Start of Available data

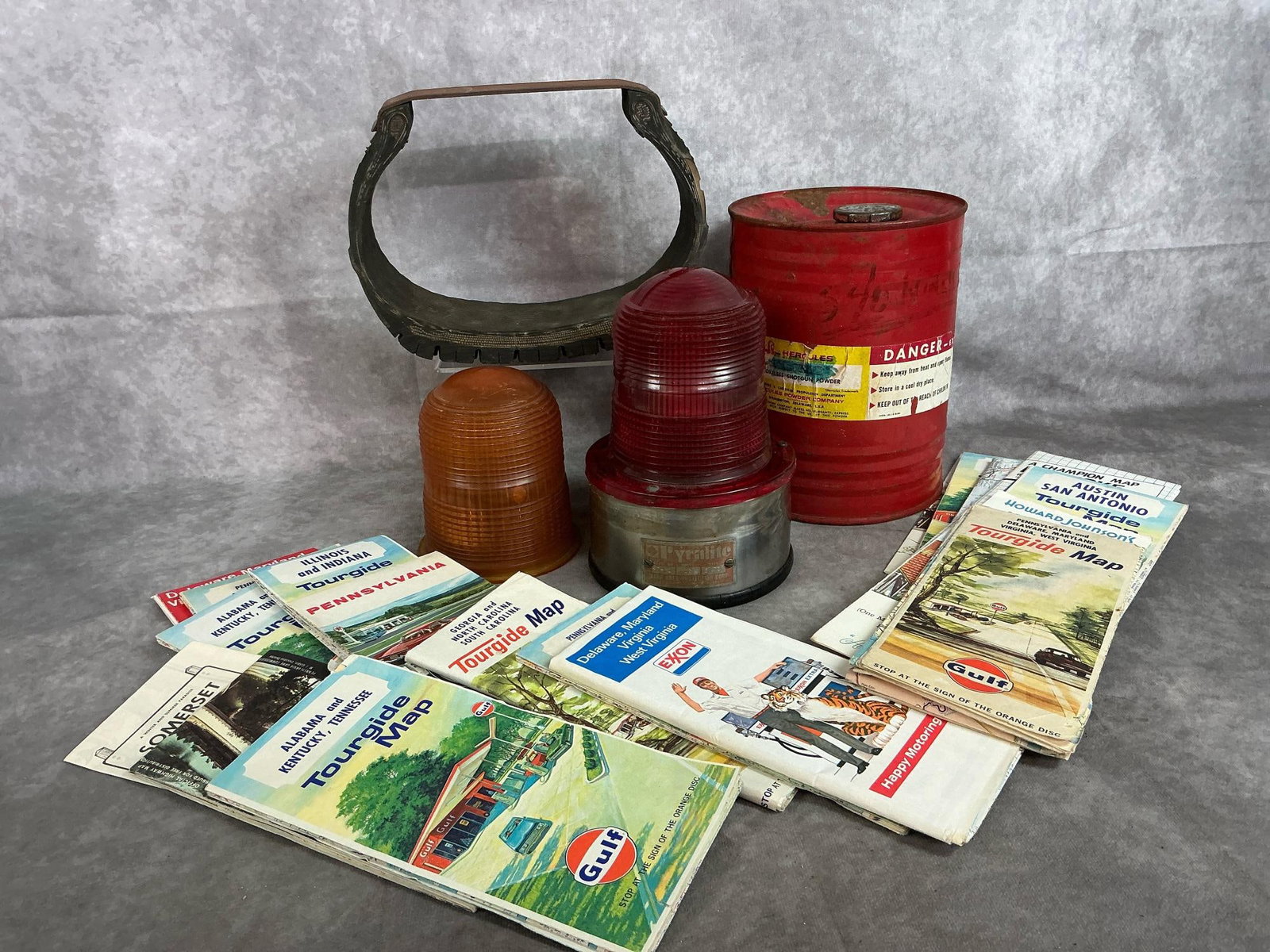 Travel Collection & Hercules Powder Can: Four vintage items and eighteen road maps. Pyralite signal light with two domed lenses, tire tread sample from tire store in Galax, VA, and Hercules Shot Gun Powder red barrel can. Gulf, Exxon, and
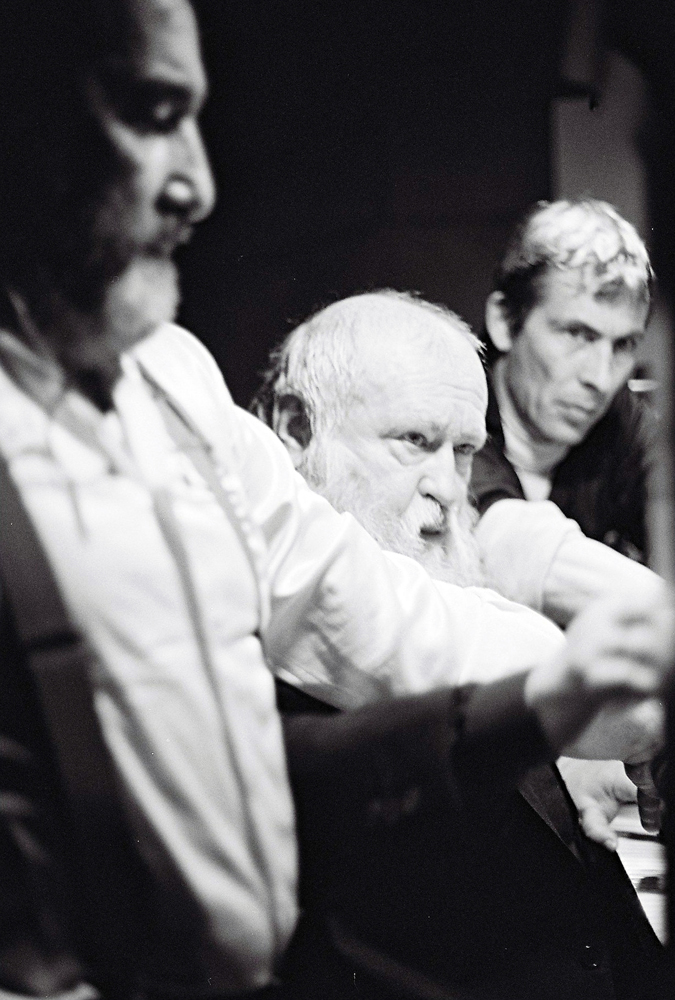 Hermann Nitsch plays organ flanked by two assistants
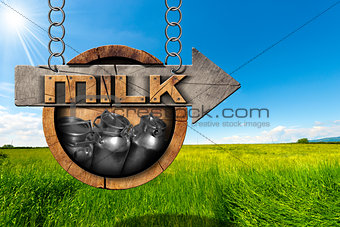 Milk Cans - Wooden Sign with Arrow in Countryside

End of Available data

# Problem description:
Without the pictures, write out all of the material exactly.

# Response to this exercise:
 Travel Collection & Hercules Powder Can: Four vintage items and eighteen road maps. Pyralite signal light with two domed lenses, tire tread sample from tire store in Galax, VA, and Hercules Shot Gun Powder red barrel can. Gulf, Exxon, and
 Hermann Nitsch plays organ flanked by two assistants
 Milk Cans - Wooden Sign with Arrow in Countryside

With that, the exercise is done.